Blue Belly’s the place to go for inventive sandwiches—think lamb barbacoa showered with crunchy tortilla strips—a great potato salad, and business hours seemingly designed to minimize trade. Bubba’s has your quarterly ration of smoke and cheesy memorabilia. (It mainly stoked my appreciation for Percy Street Barbecue, however, which has grown on me as its early self-seriousness has faded—and Erin O’Shea’s baby back ribs have found the sticky, marvelous border between smoky chew and tenderness.)
But Fette Sau is the standout, for three reasons that might seem counterintuitive at first: It doesn’t feel a thing like Brooklyn, there’s not really a whole lot of smoke cloaking its meats, and there’s no one there to bring food to your table.
But let’s back up a minute, to the curb cut on Frankford Avenue where Starr sold Carroll on expanding to Philadelphia. The property sits next door to Frankford Hall, Starr’s biergarten, and it was the spitting image of Carroll’s picnic-tabled Brooklyn haunt.
“There was a gate, and this muddy walkway,” Starr recalls, “and Joe was like, ‘Wow, it’s gotta be cosmic. This is the place.’”
In went the picnic tables, among heat lamps and cords of red and white oak, and up went a shotgun-shack facade whose ramshackle rusticity disguises an urban warehouse sprawling over 7,000 square feet (to Carroll’s 1,200 in Brooklyn). The space exudes a studied unfancyness: concrete floors, light bulbs dangling in chicken-wire fixtures, walls papered with pig-and-steer-part diagrams, and a rope maze leading to the meat case.

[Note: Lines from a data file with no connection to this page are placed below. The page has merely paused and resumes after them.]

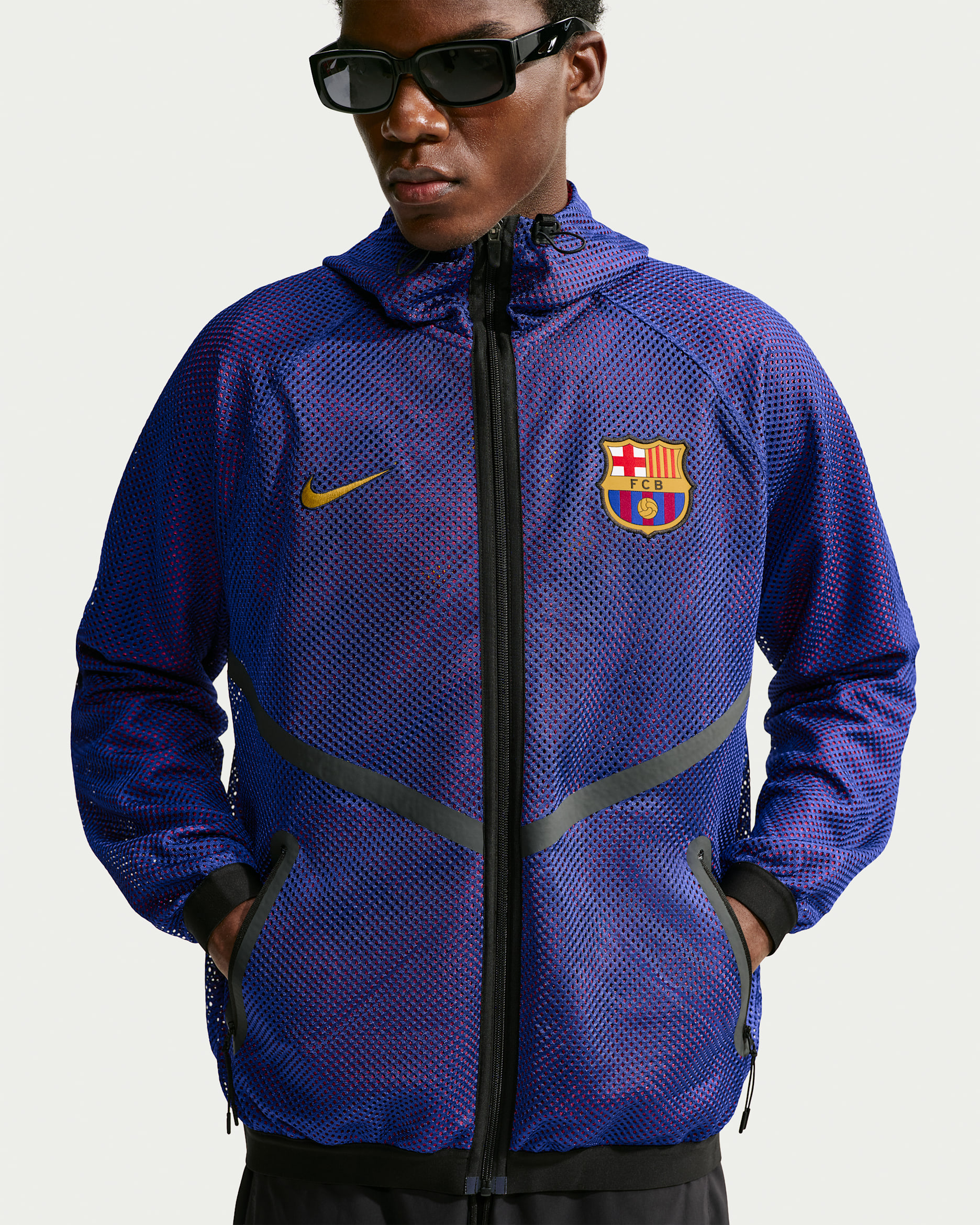 Veste de club de foot Nike Dri-FIT FC Barcelona pour homme - Deep Royal Blue/Noble Red/Mineral Yellow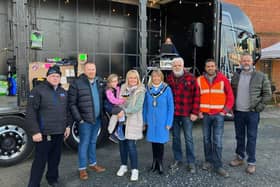 Kenny McKinstry (Susan's dad), Cllr Paul Greenfield, Ellie Nicholl, Susan Nicholl, Lord Mayor Margaret Tinsley, Eric Nicholl (Andy's dad), Russell Anderson and Cllr Ian Wilson.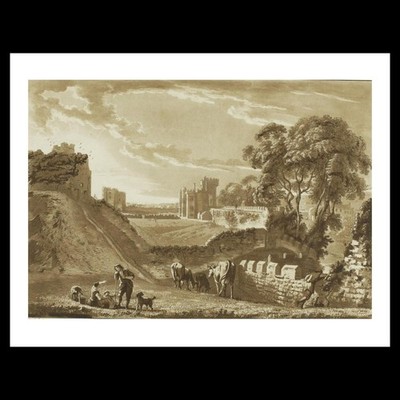 Paul Sandby - Cardiff Castle from the West, plate two from Twelve Views in Wales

Here’s the drill. What you see is what you get at Fette Sau. Are the brisket slices coming off the glistening fatty end? Take half a pound. Otherwise, have a quarter. Does the pork belly look plump or lean? Match your order to your druthers. It pays to ask questions here, and to listen closely to the answers. All meat comes out of the oak smoke (accented with beech and maple and a little fruitwood) looking like it’s been rolled in coal ash. That bittersweet bark, built on brown sugar and espresso, often conceals terrifically moist heritage meat that’s longer on nuance than the stuff at your typical pit operation. But there’s a lot of variation depending on how long it’s been sitting.
The first beef short rib I had here looked like it had just finished cooking. Biting through its layers of fat and meat, seasoned (but not overshadowed) by smoke, was like sinking into a down pillow on a feather bed in a backwoods hunting shack. The texture defied speech.
The one I got a week later? It could’ve ranked as the best barbecued short rib I’d ever had, but that first one still might be the best short rib, period. Expect something similar with the pork belly and flank steak—though neither of those was quite as show-stopping for me.
No table servers means no pretense. So even when hipster Brooklyn rears its head in the form of, say, beef tongue pastrami—which was clean-tasting and mellow on a DIY potato-roll sandwich—the atmosphere is down-to-earth and family-friendly. There’s no regional BBQ fundamentalism on Carroll’s line. Squirt bottles hold a vinegar sauce that errs on the side of too bracing, a chipotle hot sauce that’s overly earthy and astringent, and a sweet sauce that’s maybe a little too mild. They take well to sequential dipping, though, and even better to some artful blending.
The sides also struck me as too one thing or another—sweet for the baked beans; austere and undertangy for the sauerkraut—though a simple broccoli salad was well balanced. But then I’d get a mouthful of juicy pulled pork, wash it down with a beguiling amber ale made by Earth Bread + Brewery with Carroll’s dry rub, wonder if it was time to hit the long whiskey list … and marvel at how good I felt just being here.
Who’d have thought that the best thing to happen to Philly’s barbecue scene would come from Brooklyn—and a guy, in Carroll, who first tasted traditional ’cue as a college kid at a long-gone joint in Manhattan? Probably only Stephen Starr. So give the former concert promoter some credit. The man knows how to sign a solid act.